The person who has the first right of custody of a child, whether boy or girl, is its natural mother, not its mother through breastfeeding, as long as the child is young and needs custody. She is the most caring and compassionate. She is the one who worries when the child is ill and takes good care of it. This is what God has placed in human nature. A difference in religion does not affect the right of custody, because custody relates to the care of the child and this is something that is not affected by a difference in religion. Therefore, a non-Muslim mother, whether she is Jewish, Christian, pagan or Zoroastrian, has the first claim to the child’s custody until the child is aware of religion or unless it is feared that the child will be leaning towards disbelief, even though it does not yet understand the meaning of faith. Thus, if it is feared that the child might be leaning to disbelief it is taken away from its mother, even though it does not understand what belief and faith means.
In conclusion: ‘If it is feared that the mother will give the child wine or feed him with pork and bacon, the child is taken away and its custody is given to a Muslim.’ It is clear that the mother’s custody is removed by a judge.
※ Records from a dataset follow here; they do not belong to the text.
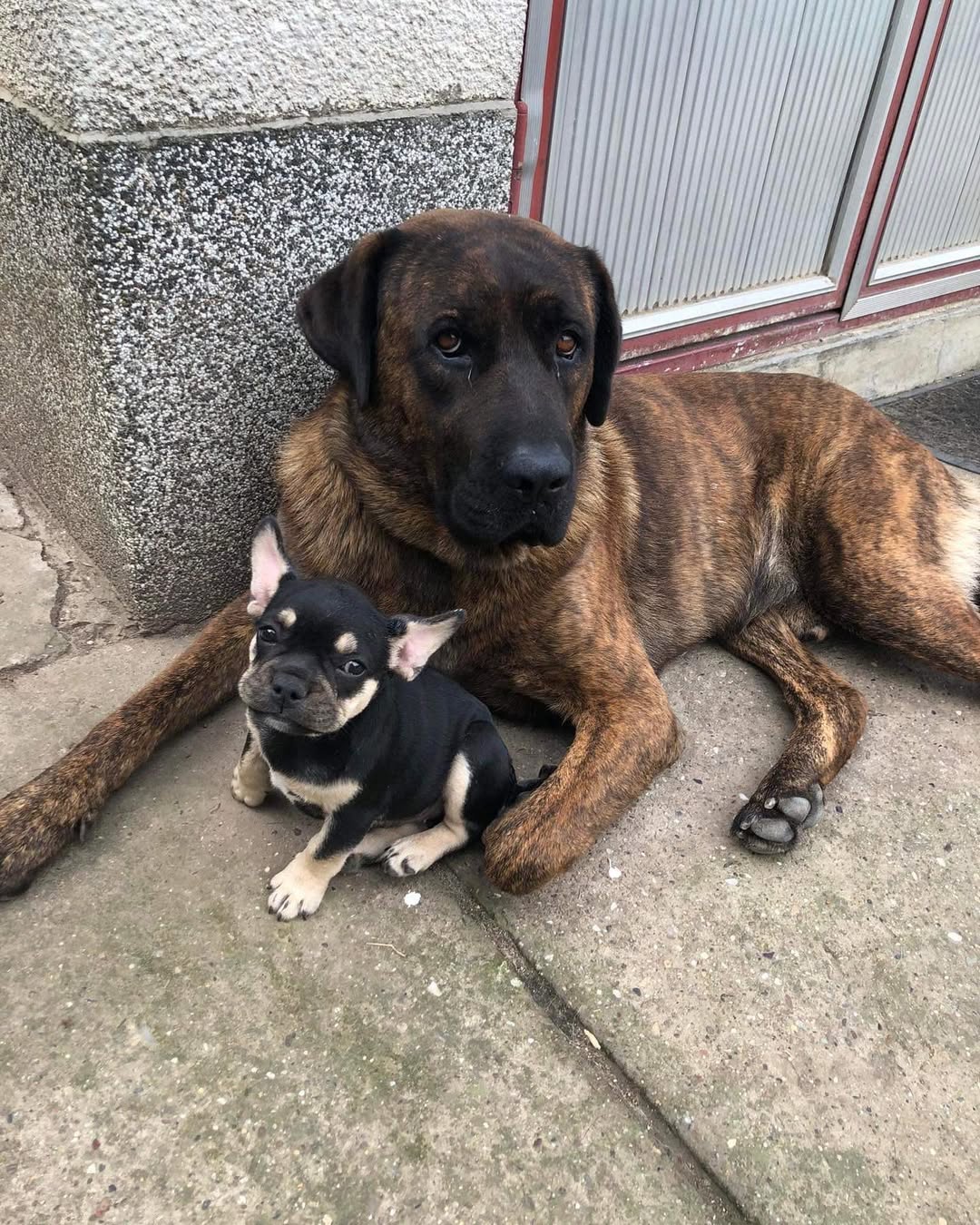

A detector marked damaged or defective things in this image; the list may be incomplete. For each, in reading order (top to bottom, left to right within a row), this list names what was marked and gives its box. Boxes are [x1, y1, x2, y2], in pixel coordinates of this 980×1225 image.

pavement crack [441, 872, 760, 1225]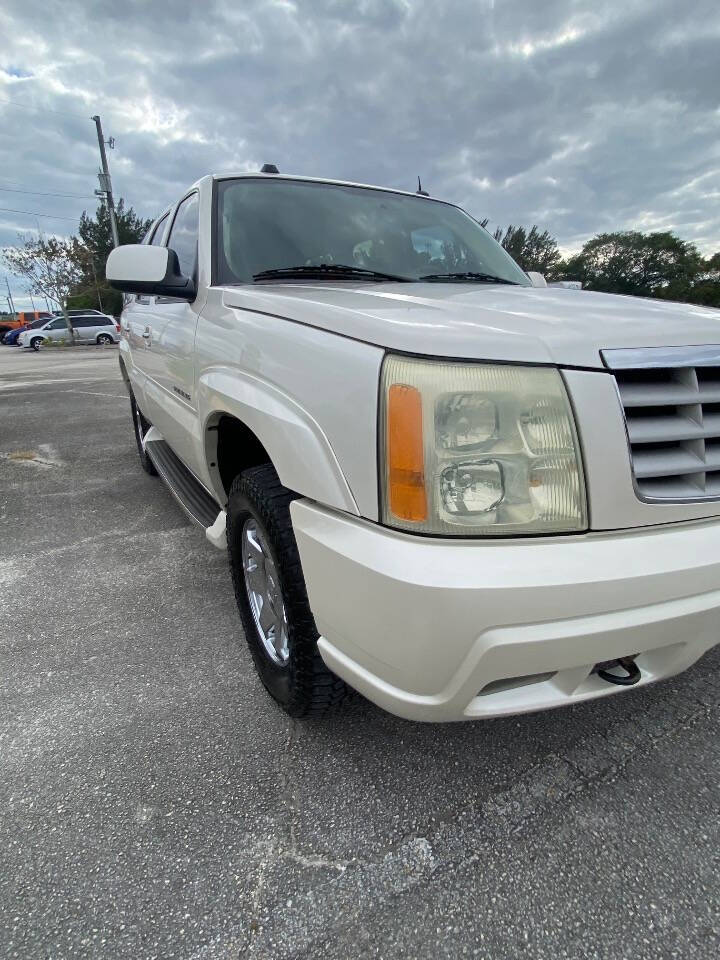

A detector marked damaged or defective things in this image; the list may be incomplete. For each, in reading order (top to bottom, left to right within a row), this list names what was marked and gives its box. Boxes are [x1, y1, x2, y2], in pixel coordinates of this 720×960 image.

cracked asphalt [1, 348, 720, 956]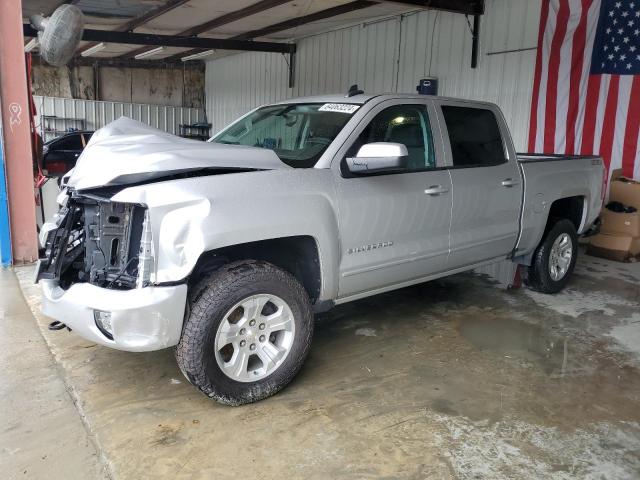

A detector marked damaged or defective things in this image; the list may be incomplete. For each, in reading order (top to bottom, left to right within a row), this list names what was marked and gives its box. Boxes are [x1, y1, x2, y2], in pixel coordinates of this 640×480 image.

crumpled hood [67, 117, 290, 190]
damaged front end [37, 190, 153, 288]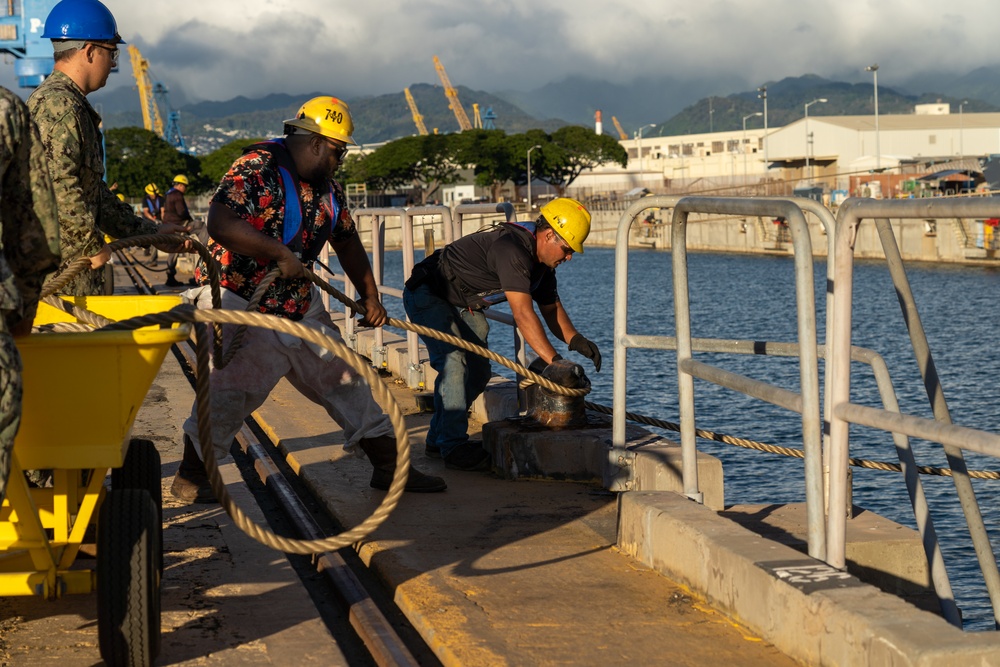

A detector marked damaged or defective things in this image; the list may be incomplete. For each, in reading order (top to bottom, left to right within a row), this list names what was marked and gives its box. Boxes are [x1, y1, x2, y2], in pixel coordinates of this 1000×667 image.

rust on bollard [528, 360, 588, 428]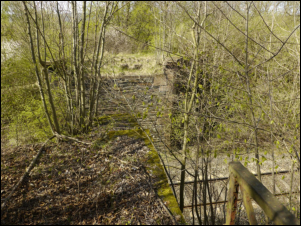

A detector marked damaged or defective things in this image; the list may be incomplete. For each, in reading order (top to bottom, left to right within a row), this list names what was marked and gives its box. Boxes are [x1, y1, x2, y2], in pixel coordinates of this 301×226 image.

rusty metal post [240, 184, 256, 224]
rusted railing post [224, 162, 298, 225]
To sum up: a non-Muslim mother has the first claim to the custody of her child until it can understand religion and there is no fear that the child will beome familiar with the beliefs and habits of non-Muslims. If there is such a fear, then the non-Muslim woman loses her right to custody of the child. The decision on custody is then left to the judge, unless there is a woman who can take custody and no fear of the child becoming familiar with the beliefs and habits of non-Muslims is associated with her. Custody of a Muslim child is given to one from whom there is no fear with regard to the child’s person, faith, moral values and behaviour.
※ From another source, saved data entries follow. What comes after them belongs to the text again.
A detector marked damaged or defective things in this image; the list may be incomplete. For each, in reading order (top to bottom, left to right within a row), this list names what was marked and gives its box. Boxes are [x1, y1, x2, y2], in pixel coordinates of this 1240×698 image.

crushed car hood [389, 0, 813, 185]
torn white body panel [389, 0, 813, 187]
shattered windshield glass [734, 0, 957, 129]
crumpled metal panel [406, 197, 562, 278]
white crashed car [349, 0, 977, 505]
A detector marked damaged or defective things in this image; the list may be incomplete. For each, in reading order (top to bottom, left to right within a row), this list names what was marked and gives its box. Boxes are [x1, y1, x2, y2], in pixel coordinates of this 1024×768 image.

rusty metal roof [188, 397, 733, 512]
With regard to a particular question, custody of a young girl is given to her mother, unless it is feared that the girl will become familiar with the beliefs and habits of non-Muslims. If this is feared, then custody is transferred to her paternal grandmother.
Majallat al-Buhuth al-Islamiyyah, published by the Permanent Committee for Research and Fatwa
Al-Nawawi wrote in Rawdat al-Talibin: Custody of a child belongs to the child’s mother if she wants it, but there are some conditions. One of these is that she should be a Muslim, if the child is considered Muslim because its father was a Muslim. No unbeliever may take custody of a Muslim child. However, al-Istakhri says that she may. It is also said that a mother who follows a divine religion has a stronger claim to the child’s custody than its Muslim father until the child is seven years of age. Its custody is then transferred to the father. Our scholars say that the first view is the correct one.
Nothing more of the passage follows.